ÖZEL HASTANELERDE DENETİMLER DEVAM EDİYOR
Bakan Memişoğlu, sosyal medya hesabından yaptığı paylaşımda da “Mevcut denetleme sisteminin güncellenmesi ve her branştan konusunda uzman hekimler ve akademisyenlerden oluşan komisyonlar oluşturulacaktır. Özel hastanelere ilişkin denetimler aralıksız devam ederken özel sağlık kurumlarına ilişkin yapısal reformlar da bakanlığımızın gündemindedir. Bütün dünyanın takdir ettiği sağlık sistemimizi, kişisel çıkarları ve maddi menfaatleri için lekelemeye çalışanlara göz açtırmayacağız” dedi.
ERDOĞAN NE DEDİ
- Bakan Memişoğlu, Cumhurbaşkanı Erdoğan ile önceki günkü görüşmelerine ilişkin de “Sayın Cumhurbaşkanımız şunu söyledi; ‘Ben sonuna kadar arkanızdayım, benim insanlarımın en küçük canına, malına, herhangi bir şeyine zarar veren herkese gereğini yapın’ diye bizi talimatlandırmış durumdadır” açıklamasını yaptı.
HASTANE KİMLİKLERİ ALINDI
- Sağlık Bakanı, 10 hastanenin hastane kimliklerinin alındığını da kaydederek “Artık hastane değiller. İçinde çalışanlara da tabii ki devlet olarak elimizden gelen, iyi niyetli olanlara destek vereceğiz.
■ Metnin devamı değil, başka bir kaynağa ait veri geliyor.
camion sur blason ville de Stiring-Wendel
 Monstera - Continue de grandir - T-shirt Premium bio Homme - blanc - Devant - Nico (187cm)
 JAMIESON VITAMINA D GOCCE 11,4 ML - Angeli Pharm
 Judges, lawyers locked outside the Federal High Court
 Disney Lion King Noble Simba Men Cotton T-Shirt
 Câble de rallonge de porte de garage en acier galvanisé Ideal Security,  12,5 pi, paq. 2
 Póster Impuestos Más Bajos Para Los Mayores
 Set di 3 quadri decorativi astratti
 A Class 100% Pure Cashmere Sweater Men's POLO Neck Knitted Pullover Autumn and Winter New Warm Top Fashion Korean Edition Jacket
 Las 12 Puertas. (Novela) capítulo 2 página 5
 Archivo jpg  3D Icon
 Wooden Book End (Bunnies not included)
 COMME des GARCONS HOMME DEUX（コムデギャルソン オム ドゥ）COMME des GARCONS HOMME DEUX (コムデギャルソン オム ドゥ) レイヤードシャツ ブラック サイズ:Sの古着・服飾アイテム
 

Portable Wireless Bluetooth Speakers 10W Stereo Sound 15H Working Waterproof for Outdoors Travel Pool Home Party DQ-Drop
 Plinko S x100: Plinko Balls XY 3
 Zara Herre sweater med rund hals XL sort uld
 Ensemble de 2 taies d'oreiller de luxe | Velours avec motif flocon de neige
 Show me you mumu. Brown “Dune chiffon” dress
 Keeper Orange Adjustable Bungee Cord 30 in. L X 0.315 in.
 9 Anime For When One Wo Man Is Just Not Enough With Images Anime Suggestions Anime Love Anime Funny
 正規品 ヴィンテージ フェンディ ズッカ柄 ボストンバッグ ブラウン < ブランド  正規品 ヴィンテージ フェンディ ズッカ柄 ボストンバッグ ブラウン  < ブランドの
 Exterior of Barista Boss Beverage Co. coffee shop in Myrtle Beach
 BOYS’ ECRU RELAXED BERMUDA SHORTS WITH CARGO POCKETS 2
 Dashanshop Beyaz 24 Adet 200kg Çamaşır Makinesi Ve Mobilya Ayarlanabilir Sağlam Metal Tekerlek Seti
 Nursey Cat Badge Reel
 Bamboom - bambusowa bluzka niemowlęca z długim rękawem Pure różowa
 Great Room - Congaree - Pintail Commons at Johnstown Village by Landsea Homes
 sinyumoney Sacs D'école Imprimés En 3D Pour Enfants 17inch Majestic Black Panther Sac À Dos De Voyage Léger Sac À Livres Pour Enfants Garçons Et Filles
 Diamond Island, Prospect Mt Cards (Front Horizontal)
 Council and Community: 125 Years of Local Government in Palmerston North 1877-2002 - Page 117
CİMER olmasaydı, bu bilgiler gelmeseydi, biz bu gizli soruşturmayı yapmasaydık, şu anda hastaneler çalışıyor olacaktı. Bu insanlar her türlü cezayı da alacak” dedi.
BEBEĞİMİ ÖLDÜRDÜLER
Nakiller sürerken Reyap Hastanesi önünde gazetecilere açıklama yapan Cemil Irmak, yaşadıklarını şöyle anlattı: “Bebeğim dünyaya sağlıklı geldi. Üçüncü günde hastaneye geldik, ‘Her şeye hazırlıklı olun’ dediler. ‘Biz kalpten anlamıyoruz kalp doktoru getireceğiz’ diyerek 5 bin TL para istediler. Parayı da elden istediler, verdik. Doktor geldi mi gelmedi mi onu da bilmiyorum. Fırat Sarı bana kalp durumunun iyi olduğunu, damarlarının tıkalı olduğunu söyledi. Ben ‘Ne gerekiyorsa yapın, gerekirse bebeğimi alıp başka hastaneye götüreyim’ dedim. ‘Sen götürürsen bebeği yolda ambulansta kaybedebiliriz, durumu kritik’ dedi. Bizim içimize korku verip bebeği burada tuttular. Beşinci gün arayıp ‘Başınız sağ olsun bebeği kaybettik’ dediler. Bebek anne karnında da iyiydi, doğduğunda da iyiydi. ‘Bir iki gün küvözde tutup taburcu edeceğiz’ dediler ama burası bebeğimin ölümüne neden oldu.”